Yesterday, I waved off our visitors as they headed into the city for a day of sightseeing. What I didn’t want to admit to them was that I planned to spend a significant amount of my day blogging – lining up posts, updating my theme, and making a few other tweaks here and there. Much like trying out a new recipe, any blog admin I do inevitably ends up riddled with speed bumps and ends up taking three times as long as I intended. Who knew it would be so hard to change my favicon now that I’m self-hosted?!
In the middle of it all, I started wondering how well my current theme really reflects me. Like it or not (even if the majority of your readers subscribe through Google Reader or similar) your website design does matter. Your name and your look all tie into one cohesive overall brand and I’m torn between my love of clean and simple (à la Our Freaking Budget) or pretty and fussy (along the lines of L Bee). Identity crisis alert.
But now, to the business! I present my first link roundup for 2013, and it’s all about quality over quantity.
First up, Money Life and More hosted an awesome carnival of personal finance with a Christmassy twist (including my post analysing the evolution of my frugality over the years)
Wanderlust guaranteed: Traveling 9 to 5’s list of amazing places to celebrate NYE around the world
Life, Etc on job perks that are well worth the cash equivalent
Blue Milk on why education is a political issue (read the NYT article quoted; it’s worth it. While I don’t currently have any ties to particular charities, I’m starting to realise that helping to break the poverty cycle is something I’m really interested in – must seek out relevant causes I can donate to)
Finally, I think Seth Godin is often overrated, but I loved basically every word in this post. An excerpt:
“Doing what you love is as important as ever, but if you’re going to make a living at it, it helps to find a niche where money flows as a regular consequence of the success of your idea. Loving what you do is almost as important as doing what you love, especially if you need to make a living at it. Go find a job you can commit to, a career or a business you can fall in love with.

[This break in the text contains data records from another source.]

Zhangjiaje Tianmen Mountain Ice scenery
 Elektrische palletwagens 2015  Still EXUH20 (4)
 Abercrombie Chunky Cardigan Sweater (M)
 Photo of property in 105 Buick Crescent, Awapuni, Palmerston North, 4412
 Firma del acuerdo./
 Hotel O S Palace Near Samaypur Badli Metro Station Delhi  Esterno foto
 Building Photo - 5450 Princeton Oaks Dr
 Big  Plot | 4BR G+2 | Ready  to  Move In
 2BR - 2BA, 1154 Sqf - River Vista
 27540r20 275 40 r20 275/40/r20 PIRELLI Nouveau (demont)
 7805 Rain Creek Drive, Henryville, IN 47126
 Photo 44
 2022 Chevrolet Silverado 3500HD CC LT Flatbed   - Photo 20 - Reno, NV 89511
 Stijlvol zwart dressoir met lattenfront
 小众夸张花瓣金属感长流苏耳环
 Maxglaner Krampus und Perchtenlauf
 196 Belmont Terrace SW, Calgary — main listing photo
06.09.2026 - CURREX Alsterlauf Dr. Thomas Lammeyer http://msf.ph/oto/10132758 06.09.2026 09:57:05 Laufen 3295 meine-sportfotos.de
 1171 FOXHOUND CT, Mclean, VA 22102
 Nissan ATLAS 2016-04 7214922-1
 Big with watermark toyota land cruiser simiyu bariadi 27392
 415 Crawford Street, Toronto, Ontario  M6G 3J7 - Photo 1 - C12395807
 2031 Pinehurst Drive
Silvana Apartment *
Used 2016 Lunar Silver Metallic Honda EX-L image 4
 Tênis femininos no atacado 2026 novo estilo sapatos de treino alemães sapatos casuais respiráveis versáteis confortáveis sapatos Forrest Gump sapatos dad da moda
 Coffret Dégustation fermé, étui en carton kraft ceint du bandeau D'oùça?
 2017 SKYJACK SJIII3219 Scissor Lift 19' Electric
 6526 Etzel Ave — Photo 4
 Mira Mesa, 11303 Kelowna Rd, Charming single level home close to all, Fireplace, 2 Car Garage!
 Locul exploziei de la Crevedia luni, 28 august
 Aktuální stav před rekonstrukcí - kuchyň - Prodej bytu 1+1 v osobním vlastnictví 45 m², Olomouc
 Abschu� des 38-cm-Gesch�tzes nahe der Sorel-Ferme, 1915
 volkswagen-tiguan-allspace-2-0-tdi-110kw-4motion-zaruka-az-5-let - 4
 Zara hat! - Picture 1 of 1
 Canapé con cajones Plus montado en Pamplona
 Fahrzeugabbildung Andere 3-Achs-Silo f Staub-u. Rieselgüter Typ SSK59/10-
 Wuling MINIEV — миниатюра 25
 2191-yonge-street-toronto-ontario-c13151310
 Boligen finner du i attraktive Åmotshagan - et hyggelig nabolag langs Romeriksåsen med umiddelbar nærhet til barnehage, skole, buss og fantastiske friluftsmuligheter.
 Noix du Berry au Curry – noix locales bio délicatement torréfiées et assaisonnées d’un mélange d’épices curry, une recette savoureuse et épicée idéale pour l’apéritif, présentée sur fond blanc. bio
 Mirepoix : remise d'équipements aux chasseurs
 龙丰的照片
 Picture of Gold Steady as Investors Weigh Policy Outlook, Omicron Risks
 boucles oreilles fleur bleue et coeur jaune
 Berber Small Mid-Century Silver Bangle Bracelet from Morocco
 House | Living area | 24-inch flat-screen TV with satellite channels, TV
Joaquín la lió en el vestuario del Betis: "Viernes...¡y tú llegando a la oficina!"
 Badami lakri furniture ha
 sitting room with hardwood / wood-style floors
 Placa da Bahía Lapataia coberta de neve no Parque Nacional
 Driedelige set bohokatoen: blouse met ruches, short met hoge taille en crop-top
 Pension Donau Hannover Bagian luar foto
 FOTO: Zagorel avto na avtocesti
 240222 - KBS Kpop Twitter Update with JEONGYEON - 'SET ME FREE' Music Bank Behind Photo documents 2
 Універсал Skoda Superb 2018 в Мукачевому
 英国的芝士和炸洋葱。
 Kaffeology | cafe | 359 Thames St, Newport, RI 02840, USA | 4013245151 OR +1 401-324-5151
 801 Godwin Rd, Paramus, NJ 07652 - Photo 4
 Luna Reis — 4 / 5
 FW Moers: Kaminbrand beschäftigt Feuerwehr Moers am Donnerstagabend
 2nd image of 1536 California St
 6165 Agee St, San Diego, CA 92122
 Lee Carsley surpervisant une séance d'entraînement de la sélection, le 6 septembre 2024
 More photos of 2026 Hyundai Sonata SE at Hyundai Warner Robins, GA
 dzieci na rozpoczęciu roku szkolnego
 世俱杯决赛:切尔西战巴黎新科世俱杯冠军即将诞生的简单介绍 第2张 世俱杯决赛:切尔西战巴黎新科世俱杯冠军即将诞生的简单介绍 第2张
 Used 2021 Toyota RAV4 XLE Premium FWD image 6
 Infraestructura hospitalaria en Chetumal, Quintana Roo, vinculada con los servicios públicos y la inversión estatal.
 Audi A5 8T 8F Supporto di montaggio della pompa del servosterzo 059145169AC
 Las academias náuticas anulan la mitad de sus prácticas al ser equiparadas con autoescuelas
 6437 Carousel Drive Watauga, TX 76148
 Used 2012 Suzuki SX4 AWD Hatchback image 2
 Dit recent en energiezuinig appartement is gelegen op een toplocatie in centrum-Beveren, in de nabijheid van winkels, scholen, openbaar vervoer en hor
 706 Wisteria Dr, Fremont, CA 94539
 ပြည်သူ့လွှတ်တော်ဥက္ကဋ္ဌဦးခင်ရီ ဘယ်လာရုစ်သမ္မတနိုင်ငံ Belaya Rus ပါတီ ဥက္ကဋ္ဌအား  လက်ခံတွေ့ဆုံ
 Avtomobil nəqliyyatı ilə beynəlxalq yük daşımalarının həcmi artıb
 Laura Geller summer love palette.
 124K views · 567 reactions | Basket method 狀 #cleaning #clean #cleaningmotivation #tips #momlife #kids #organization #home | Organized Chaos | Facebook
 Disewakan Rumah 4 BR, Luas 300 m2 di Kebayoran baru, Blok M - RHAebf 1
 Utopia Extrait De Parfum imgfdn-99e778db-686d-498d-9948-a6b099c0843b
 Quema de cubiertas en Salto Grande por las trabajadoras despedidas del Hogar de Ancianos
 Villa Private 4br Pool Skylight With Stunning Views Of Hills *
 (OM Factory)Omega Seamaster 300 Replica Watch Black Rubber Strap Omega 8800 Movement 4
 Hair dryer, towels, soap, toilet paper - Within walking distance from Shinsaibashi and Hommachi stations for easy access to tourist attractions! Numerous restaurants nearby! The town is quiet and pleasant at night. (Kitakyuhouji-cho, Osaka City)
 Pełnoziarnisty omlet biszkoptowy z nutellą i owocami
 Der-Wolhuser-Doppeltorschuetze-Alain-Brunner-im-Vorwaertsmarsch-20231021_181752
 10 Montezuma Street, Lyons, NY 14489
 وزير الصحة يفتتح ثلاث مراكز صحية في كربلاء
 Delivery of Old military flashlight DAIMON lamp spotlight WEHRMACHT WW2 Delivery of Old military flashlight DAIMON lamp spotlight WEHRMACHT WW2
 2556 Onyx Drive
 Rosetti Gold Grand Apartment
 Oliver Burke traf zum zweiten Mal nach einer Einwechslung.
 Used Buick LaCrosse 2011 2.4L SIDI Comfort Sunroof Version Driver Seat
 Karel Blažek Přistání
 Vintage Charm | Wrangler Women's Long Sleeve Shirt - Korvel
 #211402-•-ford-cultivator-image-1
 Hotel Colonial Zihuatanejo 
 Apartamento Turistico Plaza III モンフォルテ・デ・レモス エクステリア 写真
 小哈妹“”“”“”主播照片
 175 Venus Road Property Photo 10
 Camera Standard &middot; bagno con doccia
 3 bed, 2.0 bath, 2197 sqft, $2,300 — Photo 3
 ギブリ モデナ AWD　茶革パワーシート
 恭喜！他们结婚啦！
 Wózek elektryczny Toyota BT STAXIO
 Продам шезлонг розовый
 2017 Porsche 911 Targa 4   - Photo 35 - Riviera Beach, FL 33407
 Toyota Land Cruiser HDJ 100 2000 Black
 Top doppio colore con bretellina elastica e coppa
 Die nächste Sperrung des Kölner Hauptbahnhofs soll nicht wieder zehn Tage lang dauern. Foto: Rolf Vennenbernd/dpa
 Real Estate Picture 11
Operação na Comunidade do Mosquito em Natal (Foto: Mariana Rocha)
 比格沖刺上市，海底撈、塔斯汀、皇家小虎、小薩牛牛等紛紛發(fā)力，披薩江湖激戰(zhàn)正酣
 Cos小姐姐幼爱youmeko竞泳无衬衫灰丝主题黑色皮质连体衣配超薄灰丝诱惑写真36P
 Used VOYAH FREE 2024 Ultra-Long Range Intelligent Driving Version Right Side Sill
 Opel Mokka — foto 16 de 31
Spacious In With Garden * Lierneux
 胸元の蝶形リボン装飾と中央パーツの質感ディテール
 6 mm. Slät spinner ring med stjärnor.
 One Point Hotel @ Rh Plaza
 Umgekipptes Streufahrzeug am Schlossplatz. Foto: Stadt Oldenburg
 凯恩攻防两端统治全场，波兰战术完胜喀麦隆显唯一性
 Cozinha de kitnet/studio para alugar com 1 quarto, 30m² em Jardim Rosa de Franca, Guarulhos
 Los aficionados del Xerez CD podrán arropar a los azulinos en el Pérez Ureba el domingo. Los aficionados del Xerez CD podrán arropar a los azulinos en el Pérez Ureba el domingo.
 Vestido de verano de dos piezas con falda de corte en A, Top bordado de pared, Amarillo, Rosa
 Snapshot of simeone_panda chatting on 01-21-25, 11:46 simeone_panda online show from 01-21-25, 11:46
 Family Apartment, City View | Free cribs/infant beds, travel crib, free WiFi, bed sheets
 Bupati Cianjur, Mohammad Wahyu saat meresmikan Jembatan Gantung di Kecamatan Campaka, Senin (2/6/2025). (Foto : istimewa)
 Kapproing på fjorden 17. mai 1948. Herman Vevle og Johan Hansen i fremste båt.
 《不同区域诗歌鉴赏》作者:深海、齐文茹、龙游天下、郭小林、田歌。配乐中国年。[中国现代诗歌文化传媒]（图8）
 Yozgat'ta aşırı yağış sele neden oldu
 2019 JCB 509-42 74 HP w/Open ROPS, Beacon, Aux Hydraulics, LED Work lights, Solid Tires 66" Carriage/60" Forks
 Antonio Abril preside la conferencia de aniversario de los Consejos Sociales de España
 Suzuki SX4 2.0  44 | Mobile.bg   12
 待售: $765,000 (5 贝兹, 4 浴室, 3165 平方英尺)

A friend who loved music, who wanted to spend his life doing it, got a job doing PR for a record label. He hated doing PR, realized that just because he was in the record business didn’t mean he had anything at all to do with music. Instead of finding a job he could love, he ended up being in proximity to, but nowhere involved with, something he cared about. I wish he had become a committed school teacher instead, spending every minute of his spare time making music and sharing it online for free. Instead, he’s a frazzled publicity hound working twice as many hours for less money and doing no music at all.
Maybe you can’t make money doing what you love (at least what you love right now). But I bet you can figure out how to love what you do to make money (if you choose wisely).
Do your art. But don’t wreck your art if it doesn’t lend itself to paying the bills. That would be a tragedy.”
And finally: “I mean, if you really want to make a living, go to Wall Street and trade oil futures … We’re writers. We’re doing something that is inherently a generous act. We’re exposing ourselves to the muse and to the things that frighten us. Why do that if you’re not willing to be generous?”